Why did you decide to write a play instead of doing one of your shows as normal? What’s the difference?

My stand up is very spontaneous, sometimes people think I just wandered on to the stage and started talking, which is kind of true. Anyway, I wanted to try a more ‘written’ show. I talked about it with Roise, the Fringe Director, and she suggested trying a more collaborative approach. She set me up with Gina Moxley as a dramaturg (she basically drags things out of me, eats scones and says really funny things) and Una McKevitt as a director (she is the brains behind Victor and Gourd and Singlehood) so making this show is very exciting and feels different for me. So that’s one way the process has changed. But the main thing is whereas I usually perform in the nip – for this play I’ll be more or less fully clothed.

 

You’re calling this an open love letter to Dublin who you broke up with. Why are you still in love with Dublin?

After 12 years, I moved to London from Dublin.  I don’t know if I’ve moved too far, or not far enough. I feel I’m still close by, and like any creepy ex-girlfriend, I keep track of Dublin through social media and thinly veiled questions to our mutual friends. I suspect my heart is trapped under an old shopping trolley in the Liffey, being guarded by some old Tallaght carp.

 

Where do you live in London? What’s the weirdest thing you’ve had to adapt to?

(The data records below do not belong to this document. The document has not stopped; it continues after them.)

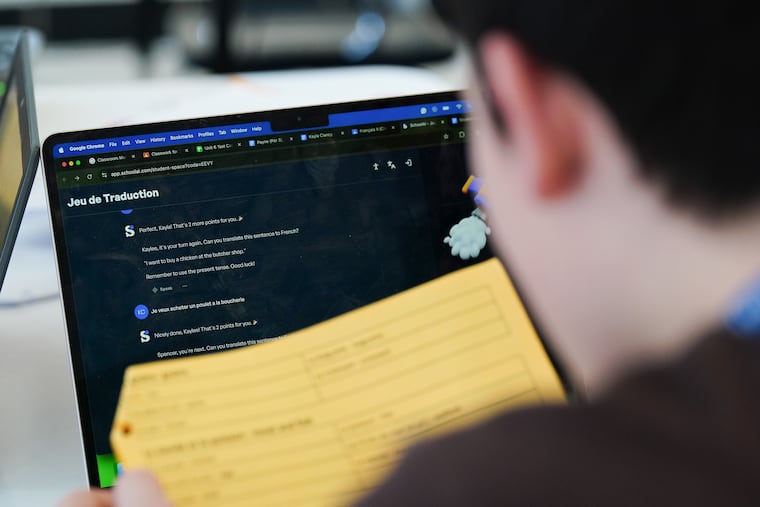 A student chats with an AI program in French class in March.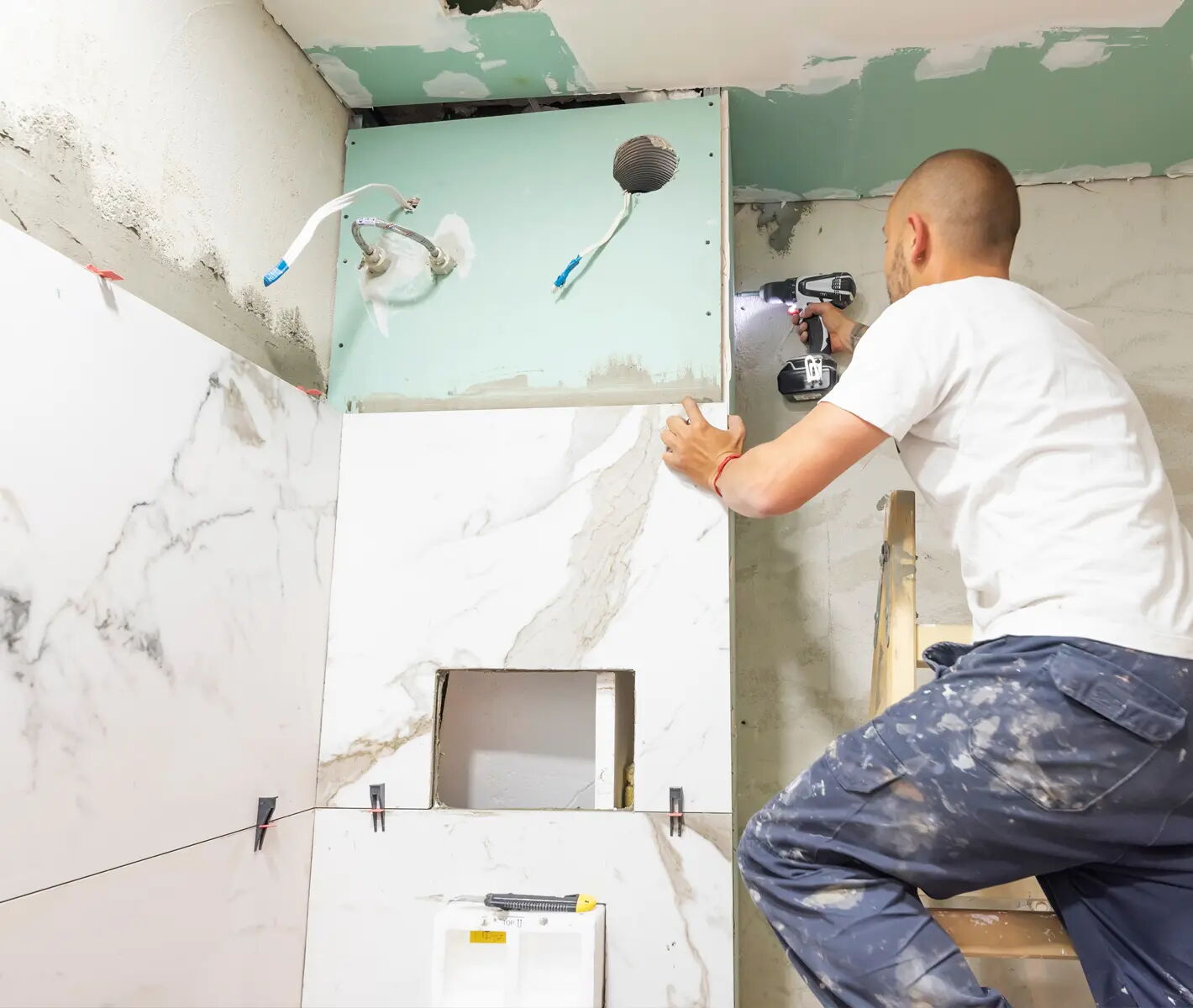 Ein Handwerker auf einer Leiter befestigt mit einem Akkuschrauber eine Trockenbauplatte an einer Badezimmerwand. Die Wand hat Marmorfliesen, und es sind Leitungen für Dusche und Wasserhahn sichtbar.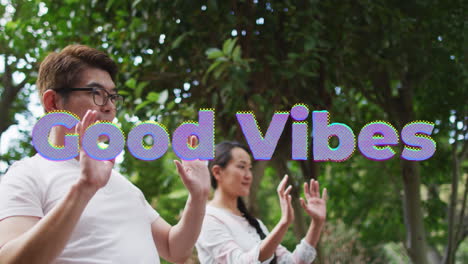 animation of good vibes text over smiling asian couple exercising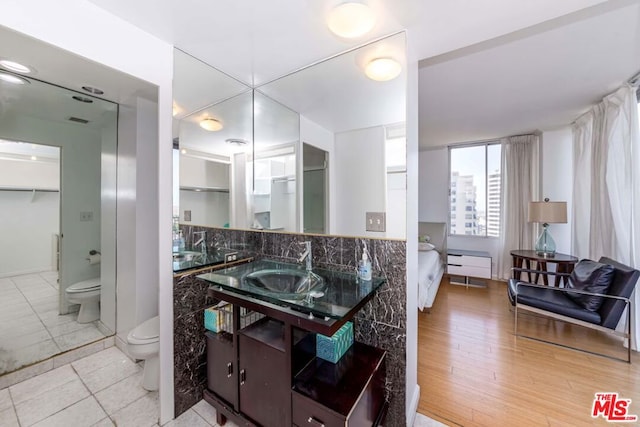 bathroom featuring vanity, toilet, backsplash, and wood-type flooring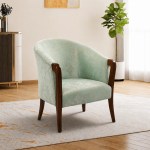 Green fabric lounge chair in a room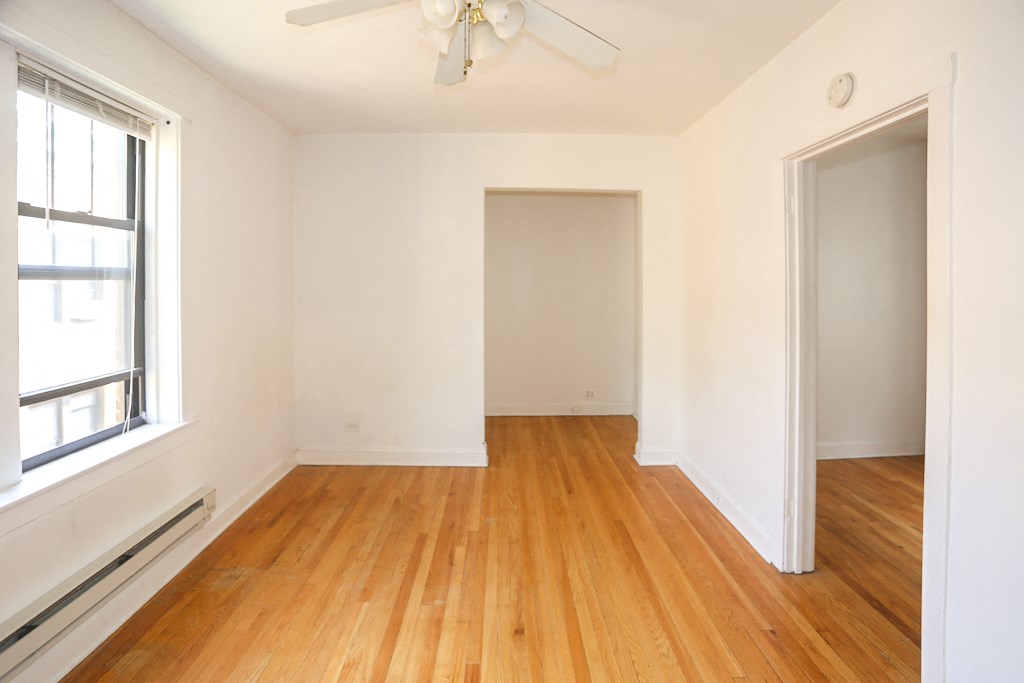 an empty room with wood floors and a ceiling fan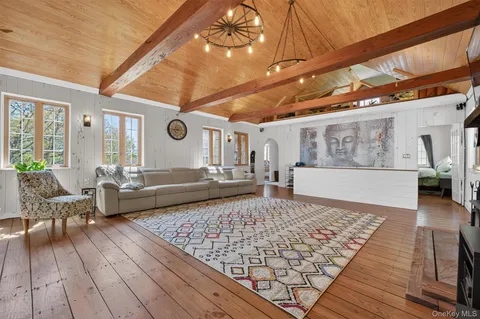 a living room with couch and wooden floor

I live in Hackney, in a neighbourhood full of Victorian-looking gentlemen riding fixed wheel bikes in tiny jeans past elderly Cypriot men and me, shaking our heads slowly as we sit drinking on our stoops. I like it, though there are chicken bones all over the ground. The weirdest thing about London, for me, is not knowing anybody and nobody knowing me. Some days I love that and skip around the streets like a dopey lamb. Other days I think ‘Wow – I could unravel here and it wouldn’t change a thing’ – then I get to skipping as quickly as I can.

 

Moving City debuts at Fringe 2013 on September 17th at 7pm (€14) and runs from September 18th to 21st with nightly shows at 7pm (€18/16 conc.) at the Smock Alley Theatre.